David Morris

Personal information
- Date of birth: February 8, 1978 (age 47)
- Place of birth: Burnaby, British Columbia, Canada
- Height: 6 ft 2 in (1.88 m)
- Position(s): Defender

Youth career
- Capilano College

Senior career*
- Years: Team / Apps / (Gls)
- 1999: Abbotsford 86ers / 15 / (14)
- 1999: → Vancouver 86ers (loan) / 5 / (1)
- 2000–2007: Vancouver Whitecaps / 175 / (13)
- Total:  / 195 / (28)

= David Morris (soccer) =

Canadian soccer player

David Morris is a Canadian retired soccer defender who played professionally in the USL First Division. He was the 1999 USL Premier Development League Rookie of the Year.

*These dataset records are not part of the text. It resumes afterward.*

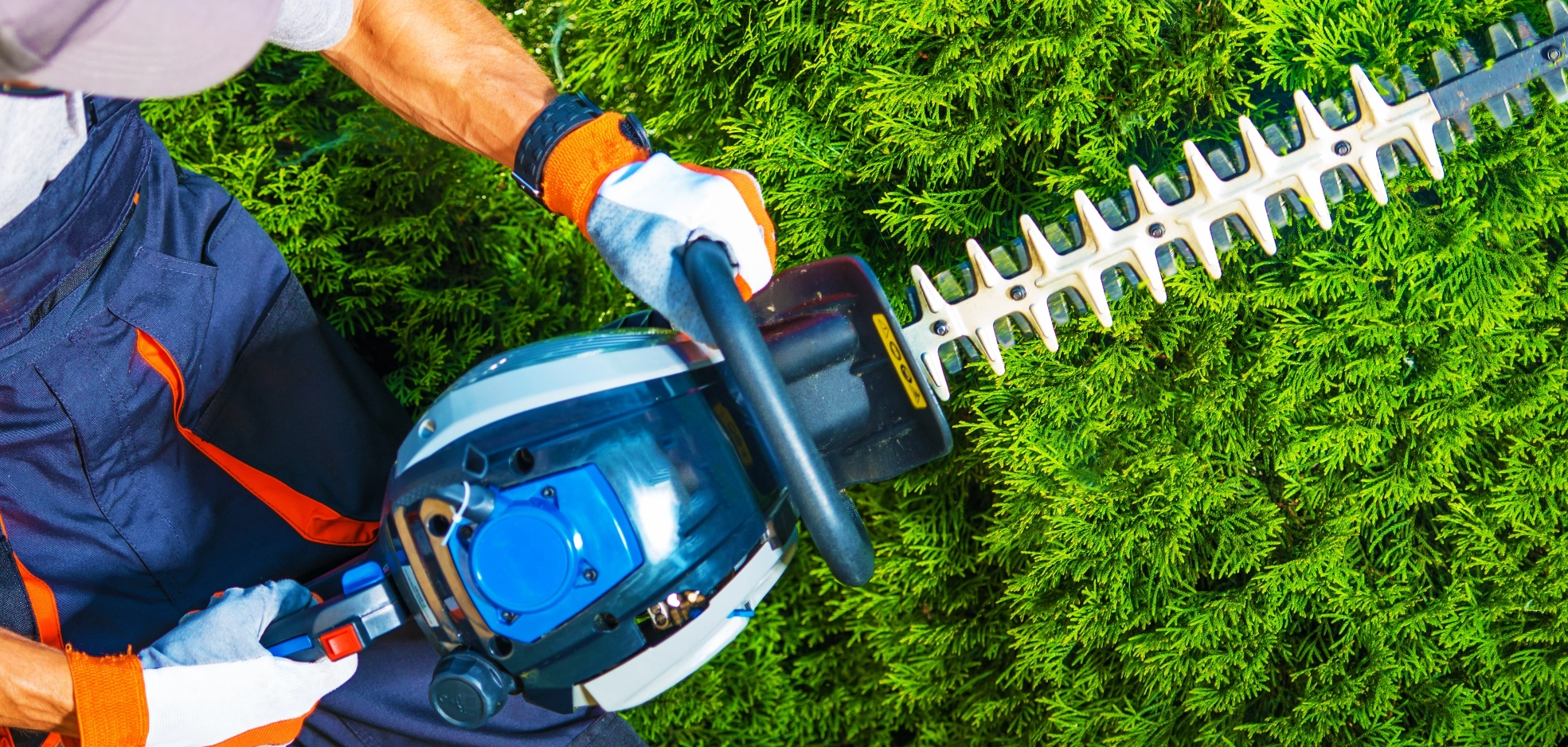 Image Gallery tec-nut.com for A1 Landscaper - Free Website, Tree services, Simple Website, Easy Website, Hardscaping, Website Builder, New Website, easy website, Free website template, Landscape design, Best Website Builder, Free Website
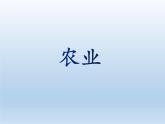 4.1 农业 课件-湘教版八年级地理上册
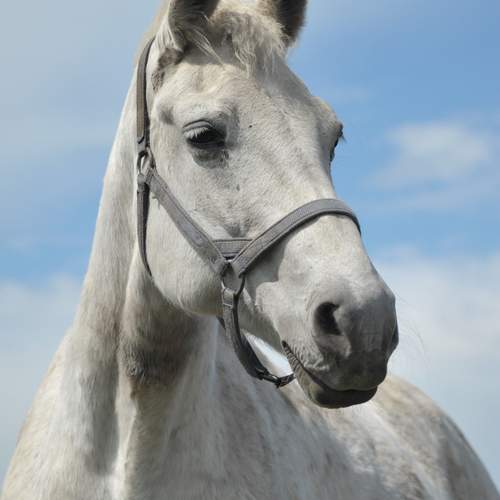 Фотография #12427542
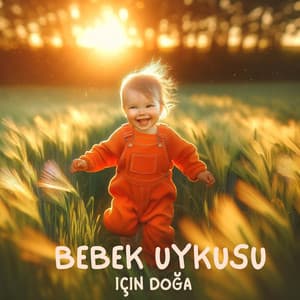 Bebek Uykusu Için Doğa: Küçük Çocuğunuzu Uyutacak Yumuşak Doğa Sesleri - Rahatla Zamanı Vaha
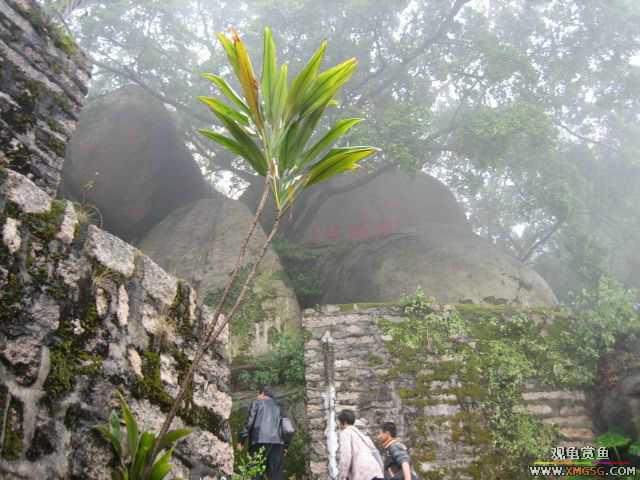 ��һ����������ɽ��������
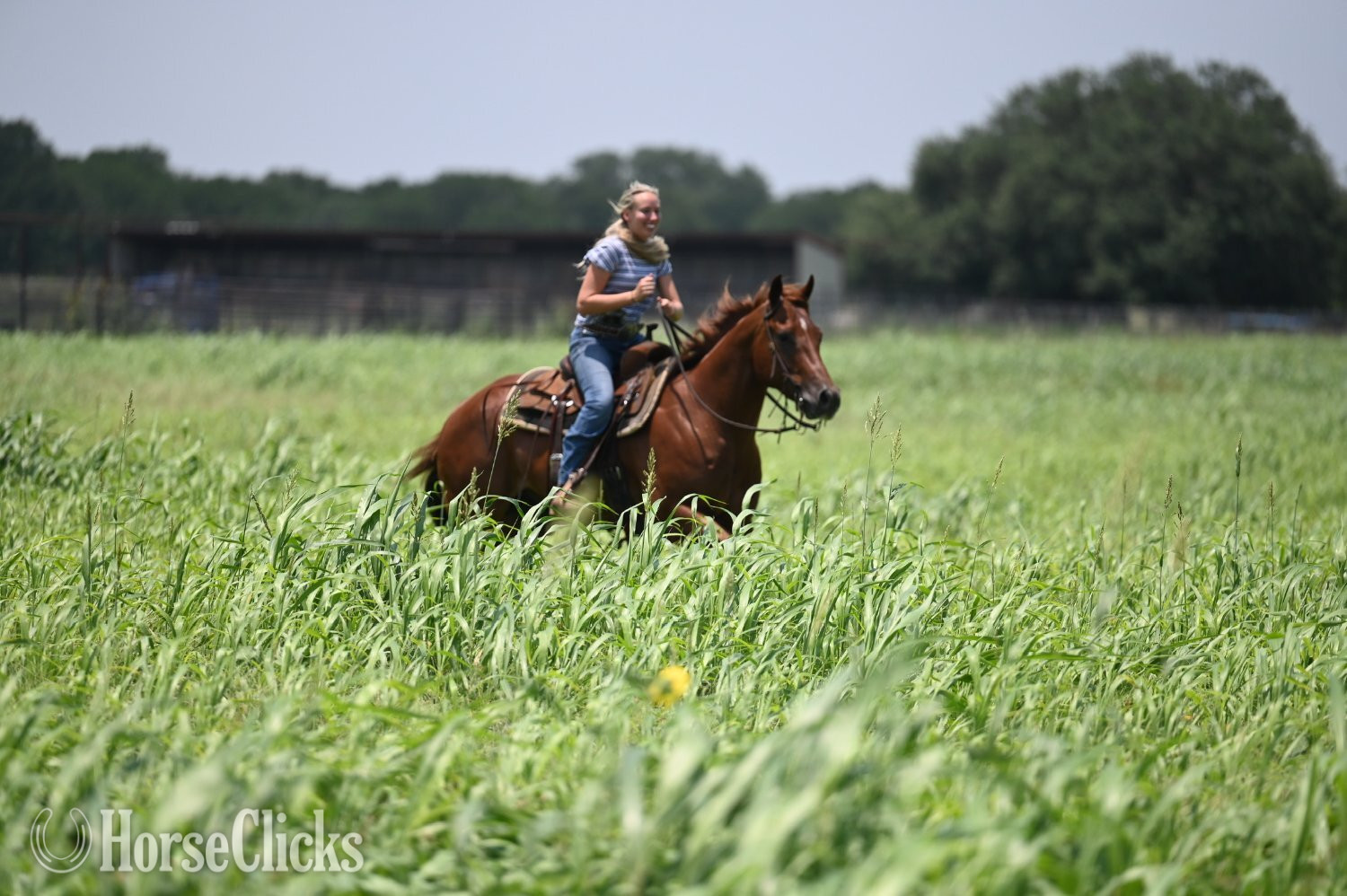 "Shag" Chestnut Gelding Quarter Horse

Morris attended, and played soccer, at Capilano College. In 1996, Capilano won the Canadian college championship. Morris was the tournament MVP. In 1999, Morris signed with the Abbotsford 86ers of the USL Premier Development League. His outstanding play, fourteen goals in fifteen games, led to his selection as the USL PDL Rookie of the Year. It also led to his being called up to the Vancouver 86ers five times that season. In 2000, Morris made a permanent move to Vancouver where he played until 2007. After his retirement from professional soccer, Morris continued playing for Pegasus FC in the Vancouver Metro Soccer League.